When talking about addiction, that is usually obvious to us. Yet when we meet generous or kind people, we don’t always recognise that they did not become generous and kind overnight. They may have been more predisposed to it, but they had practices, habits, and rhythms that, over time, formed them into a certain type of person.
Why are We Resistant to Spiritual Practices?
One of the negative side effects of the Reformation was that faith and works were pitted against each other. There was such an emphasis on the importance of salvation being by faith…something that was entirely God’s doing, and not something we earned through good works, that good works, for many became optional at best and often discouraged.
The result is that we in the West have inherited a Christianity that can often be reduced to “just believe the right things, and don’t mess up too bad”. (Which Willard in another book calls “the gospel of sin management.”) In this model, Christlikeness is irrelevant. And often, it is warped to the point where we simply make a Jesus that looks like us.
So, what’s the problem?
Believing the right things does not change you
In his book You Are What You Love, James K A Smith claims that people (that would include you and me) do not act based on what they believe; they act based on what they love.
For example, I may decide today, “I’ve watched too much Netflix lately. Tonight I’m going to read a good book.” But I get home after a long day and settle in on the couch. Am I more likely to reach for the book or the remote?

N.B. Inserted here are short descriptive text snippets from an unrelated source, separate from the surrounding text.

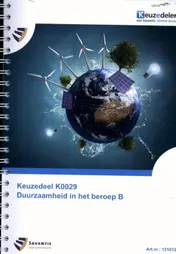 Omslag van Keuzedeel K0029 Duurzaamheid in het beroep B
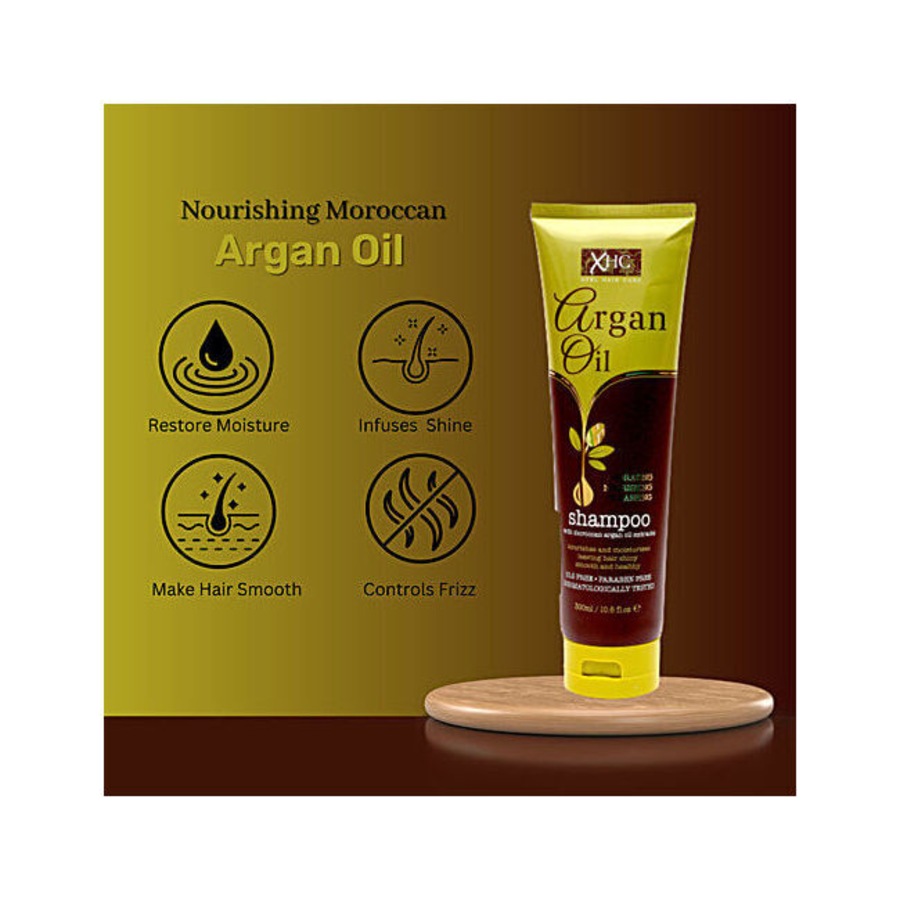 6PK XHC Argan Oil Cleansing Hair Shampoo 300ml Hydrating All Type Nourshing Care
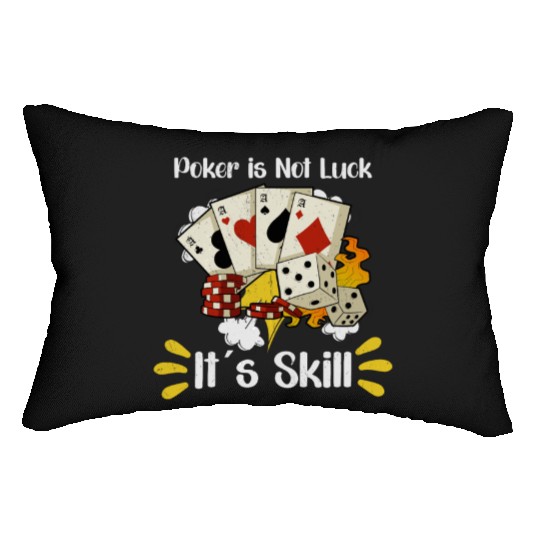 Poker Casino Poker Player Gambling Roulette Gift Lumbar Pillows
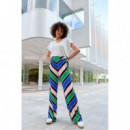 Pantalones Mujer Pantalones LA PETITE ÉTOILE Polette Rayas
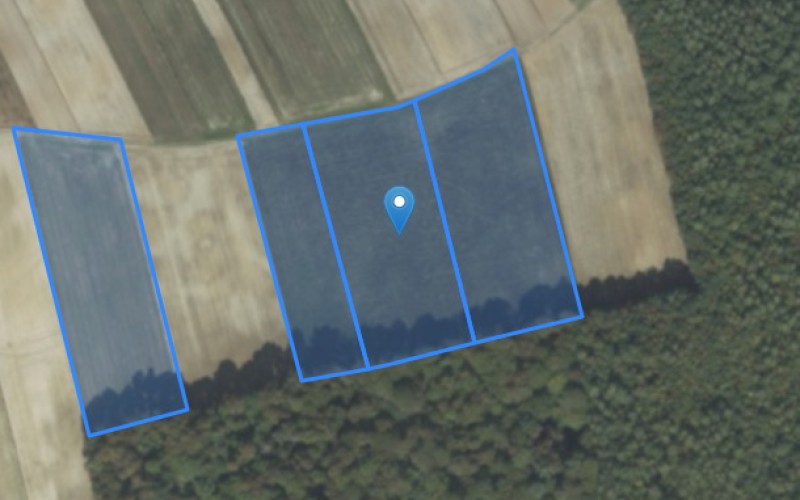 Grunt w miejscowości Uchanie Kolonia, Uchanie Kolonia (lubelskie). Działki numer: 62/1, 65, 64, 63. Działki i grunty. Uchanie Kolonia, 22-510, Uchanie Kolonia, (woj. lubelskie)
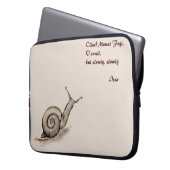 Schnecke ursprüngliches Pastellzenzeichnen Laptopschutzhülle (Vorderseite Links)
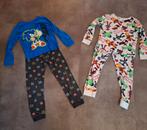 2 x nette pyjama maat 122 128, Ophalen of Verzenden, Zo goed als nieuw, Jongen, Nacht- of Onderkleding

Most likely, I will do what I habitually do. And what I habitually do will be based not on what I believe is best for me but instead on what I love. In the moment, I will do the thing that brings me joy.
This isn’t a judgement that one is good and one is bad. I am simply pointing out that our behaviour moment to moment is shaped not by what we think is best for us. It is shaped by what we love…what we desire. What brings us pleasure and joy.
Now, I need to say this because of the churches some of us were raised in. Desire, joy, and pleasure are not bad things. God created us as creatures who desire. He created us to experience joy and pleasure. The problem arises for us when our desires are oriented towards things that are “deforming”. Things that, as we participated in them, make us less human, not more human.
That’s why we can know facts about eating, exercise, saving money, avoiding debt, and the importance of exercising your brain (and the list goes on) and yet still not do them. We may be able to list all the reasons that we should be doing them…but that necessarily doesn’t translate into action.
So to wrap this up for today, here are two questions: What is something you are good at? How did you become good at it?